【レビュー】『スモールフット』に大人の観客がハッとさせられる理由 ─ モジャかわの皮を被ったシニカル映画

子供から大人まで楽しめるが、大人の観客にとっては思いがけずハッとさせられる。2018年10月12日(金)より公開の『スモールフット』はそんな映画だ。臆病なイエティと、彼らにとって空想上の生物とされてきたスモールフット=人間との不思議な出会いを描く。『ミニオンズ』(2015)原作者と音楽が贈るミュージック・ファンタジーとあって、すべての世代を夢中にさせる楽しさは折り紙付きだ。
好奇心があるからこそ、人生はすばらしい
『スモールフット』イエティの主人公のミーゴは、人里離れた雪の山頂に暮らしている。そこではイエティたち特有の文化が形成されており、彼らは古代めいた伝統を疑うこと無く信じて生きている。
主人公ミーゴも、最初こそ「このまま全て変わらずにいてほしい」ことを望み、村の子どもたちには「ほんとかなって疑問がわいたら、モヤモヤはグッと押し込んで」、旧来の教えを疑わないことを説いて回る。ミーゴはこの保守的なメッセージを、アップテンポなミュージカル・ナンバーに乗せて歌うが、観客はすぐに曲調と歌詞がミスマッチであることに気づくようになっている。
この映画のテーマは、あくまでも「好奇心があるからこそ、人生はすばらしくなるんだ」という考えに基づくもの。だが、「何も疑わずに今のままが続くことを望め」というイエティたちの姿は、意外なほど大人の観客の心を突く。監督のキャリー・カークパトリックがインタビューで答えているように、イエティの世界は「人間より進化が1,000年ほど遅れている」設定で、「村の作りやその信念体系はどことなく原始的」である。しかしながら、映画の冒頭で観客は「だからといって私達は、このイエティを蔑視できるだろうか」というジレンマに陥る。
そしてミーゴは、スモールフット…、つまり人間のパーシーと偶然出会う。お互いの言葉は通じないようで、ミーゴからすると人間は、ミニオンのようにピーチク騒ぐ小動物に見えている。
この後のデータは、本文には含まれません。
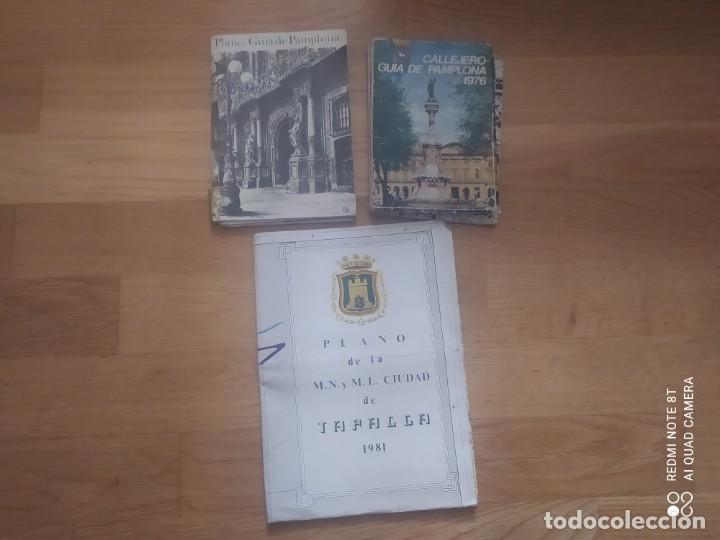 Mapas contempor&aacute;neos: Mapas antiguos de: Vitoria, Pamplona, Tafalla (lote)
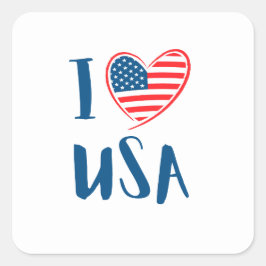 Adesivo Quadrado Coleção do Partido das Eleições dos EUA!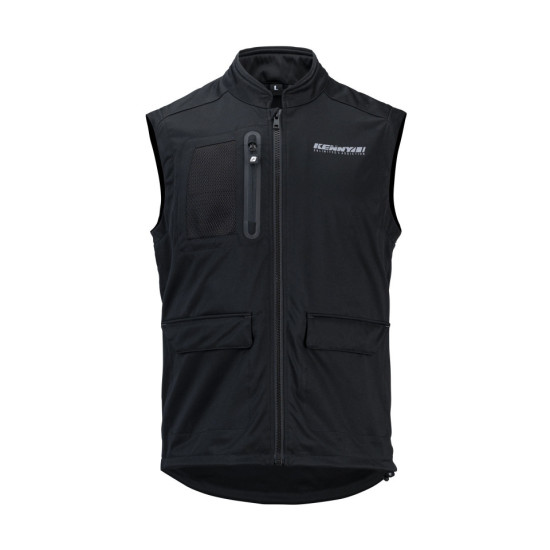 KENNY RACING BODYWARMER + COLOR BLACK SIZE M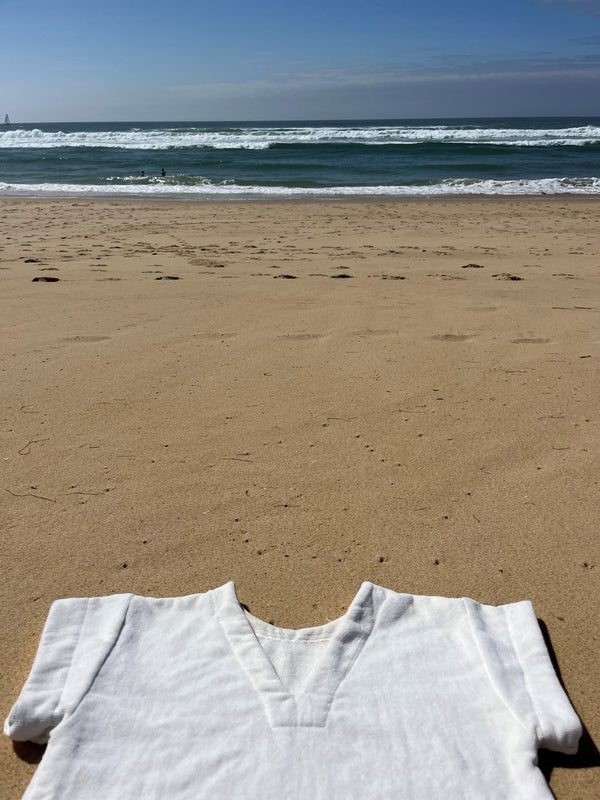 Robe de Plage courte - Sixties Summer - Sauge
一方人間の目からすると、イエティはガウガウと吠える巨大な怪物だ。このあたりのユーモアは、『怪盗グルー』シリーズとミニオンを生み出したセルジオ・パブロス原作とあって安心の出来。往年のアメリカン・コメディ・アニメ「ルーニー・テューンズ」を意識したというアクションは賑やかで飽きさせない。